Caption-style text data
+---+
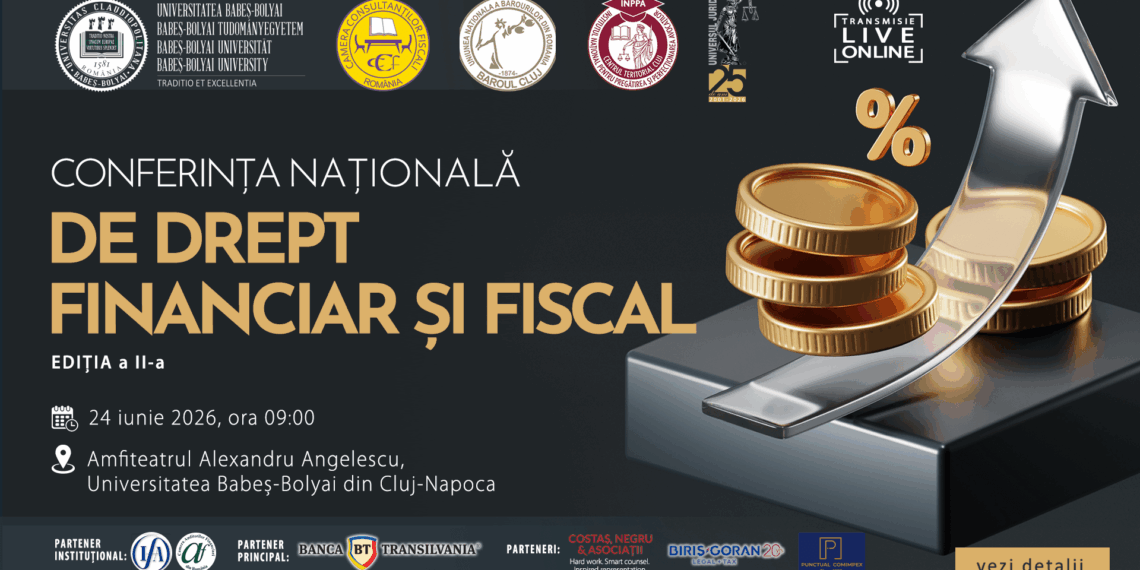 Specialiști din domeniul fiscal și juridic se reunesc la Cluj pentru dezbateri privind viitorul fiscalității în România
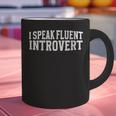 I Speak Fluent Introvert Graphic Print Coffee Mug I Speak Fluent Introvert Graphic Print Coffee Mug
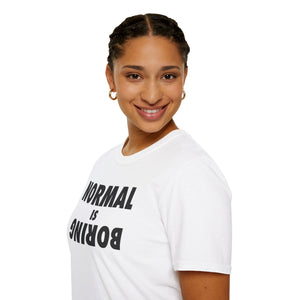 Normal is Boring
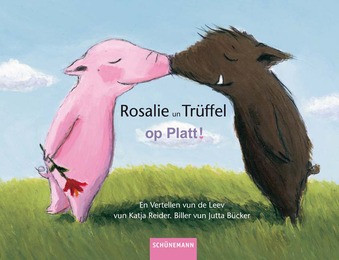 Rosalie un Trüffel/Trüffel un Rosalie - op Platt!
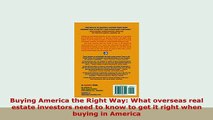 PDF  Buying America the Right Way What overseas real estate investors need to know to get it Download Full Ebook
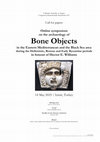 Poster of the online symposium on the archaeology of bone objects in the Eastern Mediterranean and the Black Sea area during the Hellenistic, Roman and Early Byzantine periods, 14 May 2025, Izmir / Turkey Cover Page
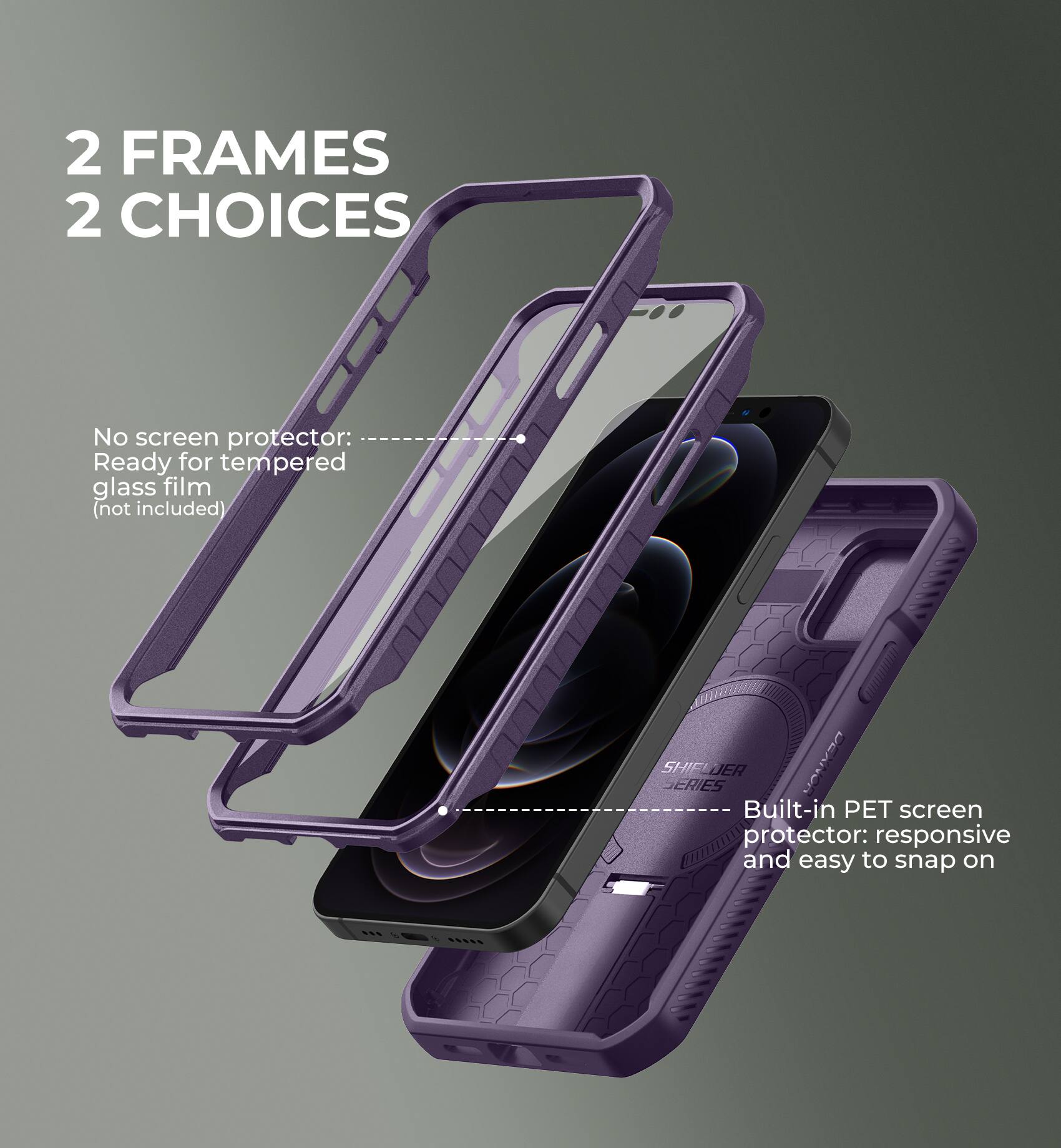 2 FRAMES 2 CHOICES

No screen protector: Ready for tempered glass film (not included)
Built-in PET screen protector: responsive and easy to snap on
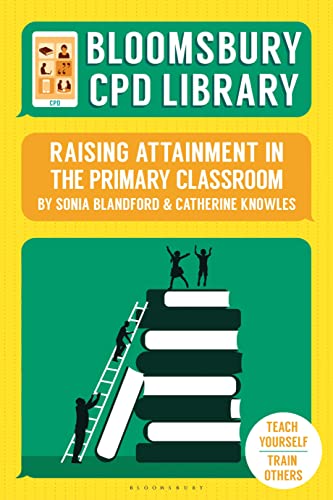 Beispielbild fr Bloomsbury CPD Library: Raising Attainment in the Primary Classroom zum Verkauf von AwesomeBooks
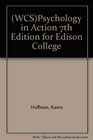 Psychology in Action 7th Edition for Edison College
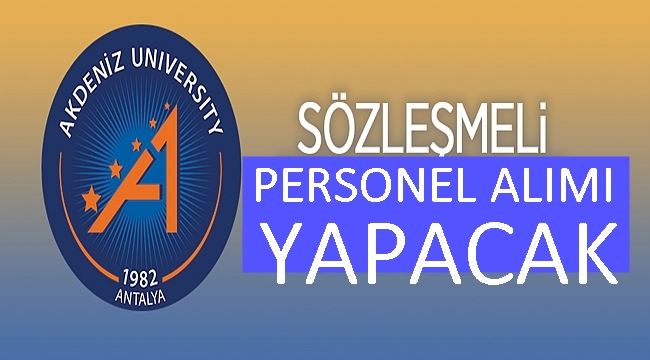 AKDENİZ ÜNİVERSİTESİ SÖZLEŞMELİ SAĞLIK PERSONELİ ALIM İLANI YAYINLADI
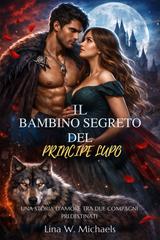 Lina W. Michaels – Il bambino segreto del Principe Lupo (2026)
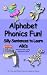 Alphabet Phonics Fun: Silly...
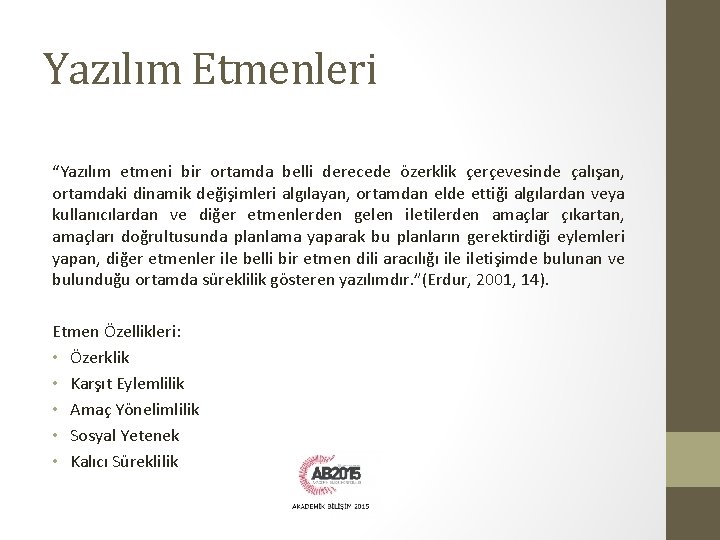 Yazılım Etmenleri “Yazılım etmeni bir ortamda belli derecede özerklik çerçevesinde çalışan, ortamdaki dinamik değişimleri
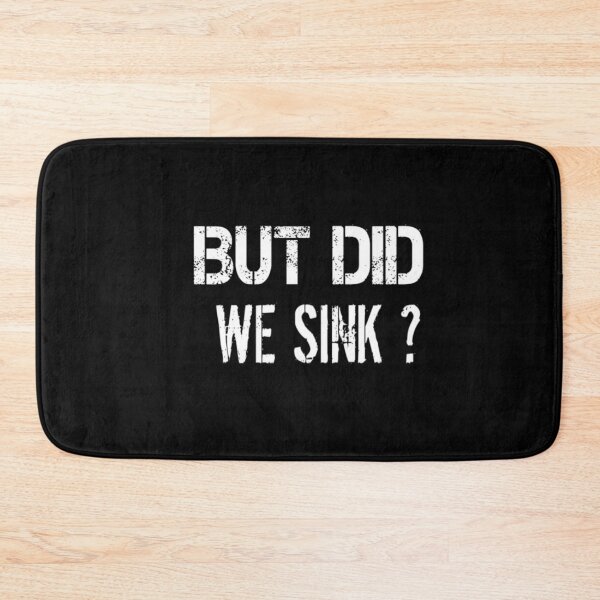 Item preview, But did we sink :Gift for Sailor, Sailor Gift, Sailing , Sailing , Boating , Boating Gift, Captain Gift, Funny Captain designed and sold by Chamssou.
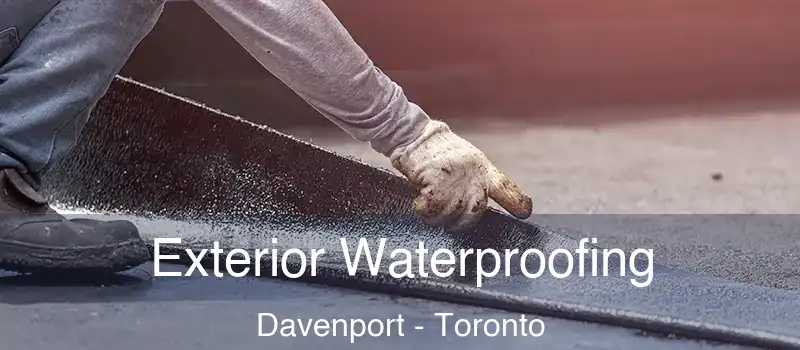  Exterior Waterproofing Davenport - Toronto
+---+
**EXERCISE INSTRUCTIONS**
Pictures are not part of the copy. Output only the lines from the one with "2 FRAMES 2 CHOICES" through the final line of the records, exactly as given.

**SOLUTION TO THE EXERCISE**
 2 FRAMES 2 CHOICES

No screen protector: Ready for tempered glass film (not included)
Built-in PET screen protector: responsive and easy to snap on
 Beispielbild fr Bloomsbury CPD Library: Raising Attainment in the Primary Classroom zum Verkauf von AwesomeBooks
 Psychology in Action 7th Edition for Edison College
 AKDENİZ ÜNİVERSİTESİ SÖZLEŞMELİ SAĞLIK PERSONELİ ALIM İLANI YAYINLADI
 Lina W. Michaels – Il bambino segreto del Principe Lupo (2026)
 Alphabet Phonics Fun: Silly...
 Yazılım Etmenleri “Yazılım etmeni bir ortamda belli derecede özerklik çerçevesinde çalışan, ortamdaki dinamik değişimleri
 Item preview, But did we sink :Gift for Sailor, Sailor Gift, Sailing , Sailing , Boating , Boating Gift, Captain Gift, Funny Captain designed and sold by Chamssou.
  Exterior Waterproofing Davenport - Toronto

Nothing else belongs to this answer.